You have good reason to believe that dogs are smarter than cats. You design a study in which you recruit dogs and cats from households that have one of each and conduct a series of IQ tests to measure each animal’s intelligence on a scale from 1 (not so smart) to 5 (genius).
Cat | Dog |
---|---|
2 | 1 |
5 | 4 |
3 | 3 |
1 | 3 |
2 | 5 |
pets = data.frame(cat = c(2,5,3,1,2),
dog = c(1,4,3,3,5))
pets$difference = pets$cat-pets$dog
psych::describe(pets, fast = T)
vars n mean sd min max range se
cat 1 5 2.6 1.52 1 5 4 0.68
dog 2 5 3.2 1.48 1 5 4 0.66
difference 3 5 -0.6 1.82 -3 1 4 0.81
\[ \frac{\hat{\sigma}_\Delta}{\sqrt{N}} = \frac{1.82}{\sqrt{5}} = 0.81\]
\[ t = \frac{\bar{\Delta}}{\frac{\hat{\sigma}_\Delta}{\sqrt{N}}} = \frac{-0.60}{0.81} = -0.74\]
stat = mean(pets$difference)/(sd(pets$difference)/sqrt(5))
df = 4
cv_t = qt(df = df, p = .975)
t_x = seq(-3.75, 3.75)
data.frame(t_x) %>%
ggplot(aes(x=t_x)) +
stat_function(fun = function(x) dt(x, df), geom = "line") +
stat_function(fun = function(x) dt(x, df), geom = "area",
xlim = c(cv_t, 3.75), fill = "purple") +
stat_function(fun = function(x) dt(x, df), geom = "area",
xlim = c(-3.75, -1*cv_t), fill = "purple") +
geom_vline(aes(xintercept = stat), color = "red", linetype = 2, size = 2)+
labs(title = "Sampling distribution \n(in t)", y = "density", x = "t")+
theme_pubr(base_size = 20)
We can also calculate the area at least as far away from the null as our test statistic.
[1] 0.2505847
[1] 0.5011694
Using the t.test
function:
The independent samples t-test is appropriate when the means from two independent samples are compared.

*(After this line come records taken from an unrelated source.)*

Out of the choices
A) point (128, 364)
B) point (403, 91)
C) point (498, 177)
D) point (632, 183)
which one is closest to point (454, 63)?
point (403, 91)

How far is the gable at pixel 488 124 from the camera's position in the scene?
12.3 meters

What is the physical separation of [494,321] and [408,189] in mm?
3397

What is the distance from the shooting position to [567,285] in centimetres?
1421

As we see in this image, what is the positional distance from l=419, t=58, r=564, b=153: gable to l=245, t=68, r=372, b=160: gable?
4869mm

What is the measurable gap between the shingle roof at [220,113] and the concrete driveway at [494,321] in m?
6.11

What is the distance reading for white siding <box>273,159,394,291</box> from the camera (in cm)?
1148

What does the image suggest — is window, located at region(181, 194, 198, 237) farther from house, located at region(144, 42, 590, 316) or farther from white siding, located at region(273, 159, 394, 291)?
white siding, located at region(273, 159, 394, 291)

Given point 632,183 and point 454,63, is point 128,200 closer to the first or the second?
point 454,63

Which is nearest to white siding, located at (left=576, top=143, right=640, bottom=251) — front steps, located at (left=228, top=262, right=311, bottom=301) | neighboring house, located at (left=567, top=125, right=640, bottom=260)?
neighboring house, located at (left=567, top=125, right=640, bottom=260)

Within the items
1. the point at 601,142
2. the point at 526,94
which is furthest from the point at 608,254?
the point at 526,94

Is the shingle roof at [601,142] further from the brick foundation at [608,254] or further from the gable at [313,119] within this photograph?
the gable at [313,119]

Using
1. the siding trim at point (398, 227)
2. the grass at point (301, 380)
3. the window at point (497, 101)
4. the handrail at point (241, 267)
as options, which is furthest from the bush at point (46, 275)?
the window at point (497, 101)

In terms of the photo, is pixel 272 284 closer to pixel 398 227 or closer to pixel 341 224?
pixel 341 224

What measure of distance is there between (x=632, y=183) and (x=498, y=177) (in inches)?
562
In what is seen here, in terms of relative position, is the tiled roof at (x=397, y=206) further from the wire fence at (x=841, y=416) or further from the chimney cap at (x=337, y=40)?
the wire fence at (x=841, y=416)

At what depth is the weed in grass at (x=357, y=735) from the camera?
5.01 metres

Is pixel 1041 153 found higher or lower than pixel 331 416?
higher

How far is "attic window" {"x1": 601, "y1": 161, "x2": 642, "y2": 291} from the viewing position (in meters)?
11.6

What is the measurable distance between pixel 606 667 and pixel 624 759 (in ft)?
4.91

\[H_0: \mu_1 = \mu_2\] \[H_1: \mu_1 \neq \mu_2\]
Test statistic is (roughly) defined by
\[t = \frac{\bar{X}_1 - \bar{X}_2}{SE}\]
The standard error of the mean difference can be estimated in two different ways. If the variances for the two groups are the same, then pooling them provides the most powerful solution, known as Student’s t-test.
Otherwise, a separate-variances estimate is used, resulting in Welch’s t-test.

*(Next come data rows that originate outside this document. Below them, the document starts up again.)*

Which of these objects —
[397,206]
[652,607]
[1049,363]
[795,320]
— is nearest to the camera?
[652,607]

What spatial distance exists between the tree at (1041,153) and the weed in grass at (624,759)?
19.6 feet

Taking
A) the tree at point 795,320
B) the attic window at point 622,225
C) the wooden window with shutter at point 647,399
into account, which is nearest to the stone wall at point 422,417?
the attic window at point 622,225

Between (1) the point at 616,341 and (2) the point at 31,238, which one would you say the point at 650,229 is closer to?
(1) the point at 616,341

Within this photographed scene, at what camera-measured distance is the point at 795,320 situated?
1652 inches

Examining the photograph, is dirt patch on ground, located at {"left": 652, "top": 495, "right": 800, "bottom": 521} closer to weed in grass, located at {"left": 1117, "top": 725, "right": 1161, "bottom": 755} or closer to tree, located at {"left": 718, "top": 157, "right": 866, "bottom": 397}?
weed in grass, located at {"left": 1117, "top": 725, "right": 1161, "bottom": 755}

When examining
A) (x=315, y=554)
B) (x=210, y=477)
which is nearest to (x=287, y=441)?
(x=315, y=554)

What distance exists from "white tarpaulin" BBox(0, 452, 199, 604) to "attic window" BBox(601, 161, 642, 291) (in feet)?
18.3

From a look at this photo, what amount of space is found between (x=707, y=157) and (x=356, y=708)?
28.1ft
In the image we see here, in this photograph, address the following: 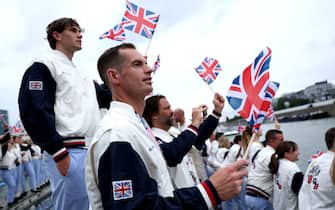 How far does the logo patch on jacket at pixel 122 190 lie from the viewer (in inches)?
63.6

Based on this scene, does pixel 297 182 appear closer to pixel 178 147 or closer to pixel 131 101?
pixel 178 147

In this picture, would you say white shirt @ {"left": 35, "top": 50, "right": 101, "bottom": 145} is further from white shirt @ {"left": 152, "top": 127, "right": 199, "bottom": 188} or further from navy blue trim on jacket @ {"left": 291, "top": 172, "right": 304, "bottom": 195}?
navy blue trim on jacket @ {"left": 291, "top": 172, "right": 304, "bottom": 195}

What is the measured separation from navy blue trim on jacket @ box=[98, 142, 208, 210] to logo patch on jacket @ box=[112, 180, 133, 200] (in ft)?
0.03

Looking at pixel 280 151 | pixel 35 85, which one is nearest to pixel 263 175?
pixel 280 151

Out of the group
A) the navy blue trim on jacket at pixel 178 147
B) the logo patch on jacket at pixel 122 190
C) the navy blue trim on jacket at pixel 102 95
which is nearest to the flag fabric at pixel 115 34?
the navy blue trim on jacket at pixel 102 95

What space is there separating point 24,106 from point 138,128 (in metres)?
1.47

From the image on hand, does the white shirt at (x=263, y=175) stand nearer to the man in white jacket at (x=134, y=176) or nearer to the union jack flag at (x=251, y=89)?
the union jack flag at (x=251, y=89)

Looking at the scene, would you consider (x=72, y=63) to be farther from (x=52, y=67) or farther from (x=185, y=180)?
(x=185, y=180)

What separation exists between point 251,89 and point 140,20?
506 cm

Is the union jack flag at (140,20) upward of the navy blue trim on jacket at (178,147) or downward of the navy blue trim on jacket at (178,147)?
upward

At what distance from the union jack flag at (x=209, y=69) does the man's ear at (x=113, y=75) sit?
7.23 m

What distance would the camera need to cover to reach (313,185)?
503 centimetres

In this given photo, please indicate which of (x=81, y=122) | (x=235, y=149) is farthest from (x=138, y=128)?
(x=235, y=149)

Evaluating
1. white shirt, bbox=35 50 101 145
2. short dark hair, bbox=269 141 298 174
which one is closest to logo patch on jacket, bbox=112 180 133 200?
white shirt, bbox=35 50 101 145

More formally, the numerator of the t-statistic is the following:
\[t = \frac{(\bar{X}_1 - \bar{X}_2)-(\mu_1 - \mu_2)}{SE}\] In other words, is the difference between the sample means different from the hypothesized difference in the population means?

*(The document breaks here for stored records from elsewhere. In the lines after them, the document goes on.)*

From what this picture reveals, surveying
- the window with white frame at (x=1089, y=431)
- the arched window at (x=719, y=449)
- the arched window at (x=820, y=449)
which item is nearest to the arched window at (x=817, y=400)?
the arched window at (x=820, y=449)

In this sense, the independent samples t-test is similar to a one-sample test of differences.
\[H_0: \mu_1 - \mu_2 = 0\]
\[H_1: \mu_1 - \mu_2 \neq 0\]
Calculating the demoninator of this test is not straightfoward. If we think of our test as a one-sample test of our difference score, then we need our standard error to be that of difference in means, not means themselves, just like in the paired samples t-test.
\(\text{SE (difference in means)} = \sigma_D\)
To take our standard error of the mean calculation and adjust it to reflect a difference in means, we make a small adjustment:
\[\sigma_D = \hat{\sigma}_p\sqrt{\frac{1}{N_1} + \frac{1}{N_2}}\]
A key assumption of the independent samples t-test is homogeneity of variance, meaning that even if these samples come from different populations, those populations differ only in terms of their mean, not in terms of their variance.
The benefit of making this assumption is that we can calculate a single estimate of variance and simply adjust the units (as in the previous slide).
If the variance in both samples is exactly the same, then we can plug \(\hat{\sigma}\) in for \(\sigma_p\) and be done.
Rarely do we find that the variance estimates are exactly the same, in which case, we need to combine the two estimates to get a single variance number. This is called the pooled variance.
\[{\hat{\sigma^2_p} = \frac{(N_1-1)\hat{\sigma^2_1} + (N_2-1)\hat{\sigma^2_2}}{N_1+N_2-2}}\]
The bottom part, \(N_1+N_2-2\) is the degrees of freedom for an independent sample t-test. The total number of quantities ( \(N_1+N_2\) total scores) minus the number of constraints (2 means).
Each variance is weighted based on its sample’s contribution to degrees of freedom.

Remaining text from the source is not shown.